▶ Data section
══════════

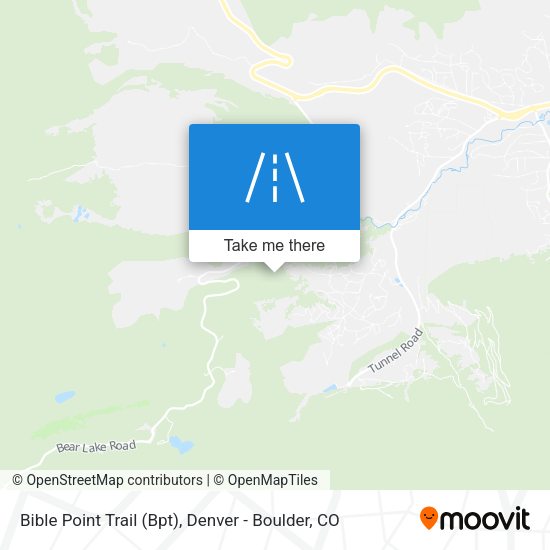 Mapa de Bible Point Trail (Bpt)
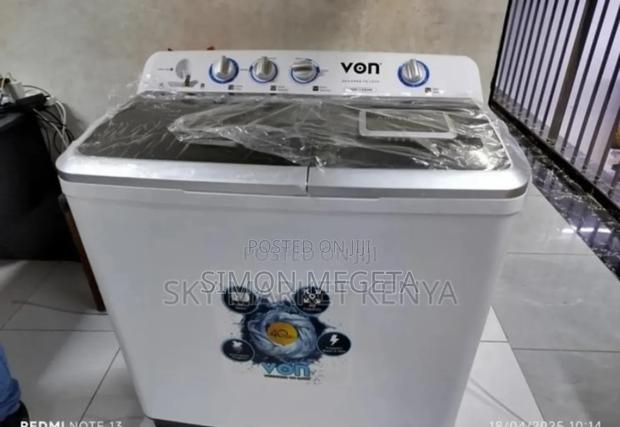 Clear White New Von 13kgs Washing Machine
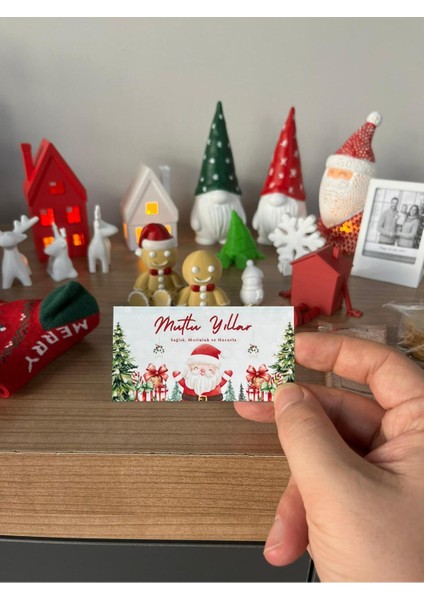 Yılbaşı Temalı 20 Parça Dekoratif Hediye Kutusu Seti, Noel Keyfi Için Renkli Süsler indirimleri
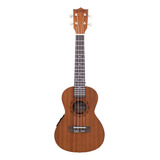 Ukulele Concert Spring Us-23 Eletrico Ativo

══════════

▶ Task objective
With the pictures left out, output exactly the lines that begin at the line containing "Yılbaşı Temalı 20" and end at the last line of the material.

▶ Solution for this problem
 Yılbaşı Temalı 20 Parça Dekoratif Hediye Kutusu Seti, Noel Keyfi Için Renkli Süsler indirimleri
 Ukulele Concert Spring Us-23 Eletrico Ativo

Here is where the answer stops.